3.2. High Court Jharkhand (2020.05.01) in  Electrosteel Steels Limited  V/s The State of Jharkhand & Ors.  [W.P.(T). No. 6324 of 2019] held that;

  • # 22. We however, find force in the submissions of the learned Additional Advocate General that the tax amount, which had been sought to be realised from the petitioner Company, had already been realised by the petitioner Company from the customers which was to be deposited in the Government Exchequer, but that having not been done by the Company and the amount having been utilized for its business purposes, throughout after the years 2011-12 and onwards, shall certainly amount to criminal misappropriation of the Government money by the Company, and the State Government is entitled to realize the same with the penalty due thereon.

  • # 23. There is yet another aspect of the matter.
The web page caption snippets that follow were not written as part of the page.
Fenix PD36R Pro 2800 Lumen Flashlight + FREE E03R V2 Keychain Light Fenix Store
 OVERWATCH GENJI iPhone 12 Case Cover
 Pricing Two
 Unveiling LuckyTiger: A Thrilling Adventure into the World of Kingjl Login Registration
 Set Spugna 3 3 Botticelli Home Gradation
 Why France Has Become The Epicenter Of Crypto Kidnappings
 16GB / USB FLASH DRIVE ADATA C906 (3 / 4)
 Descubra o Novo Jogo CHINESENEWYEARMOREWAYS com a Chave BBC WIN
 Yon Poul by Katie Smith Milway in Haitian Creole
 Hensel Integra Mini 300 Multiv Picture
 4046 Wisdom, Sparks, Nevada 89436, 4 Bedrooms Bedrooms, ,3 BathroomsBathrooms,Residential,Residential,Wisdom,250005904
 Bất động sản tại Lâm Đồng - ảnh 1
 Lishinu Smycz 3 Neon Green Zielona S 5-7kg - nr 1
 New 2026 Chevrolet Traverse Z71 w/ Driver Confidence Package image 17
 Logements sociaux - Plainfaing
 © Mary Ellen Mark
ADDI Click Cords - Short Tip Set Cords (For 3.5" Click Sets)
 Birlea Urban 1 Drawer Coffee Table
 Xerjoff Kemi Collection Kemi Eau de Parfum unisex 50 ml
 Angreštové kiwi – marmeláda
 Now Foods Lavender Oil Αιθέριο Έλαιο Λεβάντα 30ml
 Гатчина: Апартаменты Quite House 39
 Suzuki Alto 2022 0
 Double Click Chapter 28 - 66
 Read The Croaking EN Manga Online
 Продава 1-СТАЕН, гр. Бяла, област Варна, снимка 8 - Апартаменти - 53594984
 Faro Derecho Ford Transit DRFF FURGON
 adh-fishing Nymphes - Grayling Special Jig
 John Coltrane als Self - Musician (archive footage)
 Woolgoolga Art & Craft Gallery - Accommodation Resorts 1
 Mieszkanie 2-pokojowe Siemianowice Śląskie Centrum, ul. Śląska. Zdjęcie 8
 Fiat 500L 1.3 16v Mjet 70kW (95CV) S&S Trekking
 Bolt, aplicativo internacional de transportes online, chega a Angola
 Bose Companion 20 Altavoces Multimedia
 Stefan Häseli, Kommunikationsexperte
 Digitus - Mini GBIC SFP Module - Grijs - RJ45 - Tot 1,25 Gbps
The amount of VAT must have already been realised by the petitioner Company from the customers. In that view of the matter, it is debatable whether the amount of VAT shall be covered by the expressions "debt in respect of the payment of dues arising under any law for the time being in force and payable to the Central Government, any State Government", so as to bring it within the definition of "operational debt", as defined in the IB Code. This Tax liability can very well be treated as the amount of tax already realised by the petitioner Company from its customers, on behalf of the State Government, and not the direct debt of the petitioner Company towards the State Government, in which case the tax liabilities of the petitioner Company, for realising which the impugned garnishee order has been issued, may not come within the definition of "operational debt", as defined in the IB Code. The decisions cited by learned counsel for the petitioner in Embassy Property Developments Pvt. Ltd.'s case (supra) and in Monnet Ispat and Energy Ltd.'s case (supra), are of no help to the petitioner Company, as they related to Income Tax dues, which were the direct debts of the corporate debtors in those cases.

[ Link Synopsis ]


Disclaimer: The sole purpose of this blog is to create awareness on the subject and must not be used as a guide for taking or recommending any action or decision, commercial or otherwise. One must do his own research and seek professional advice if he intends to take any action or decision in the matters covered in this blog.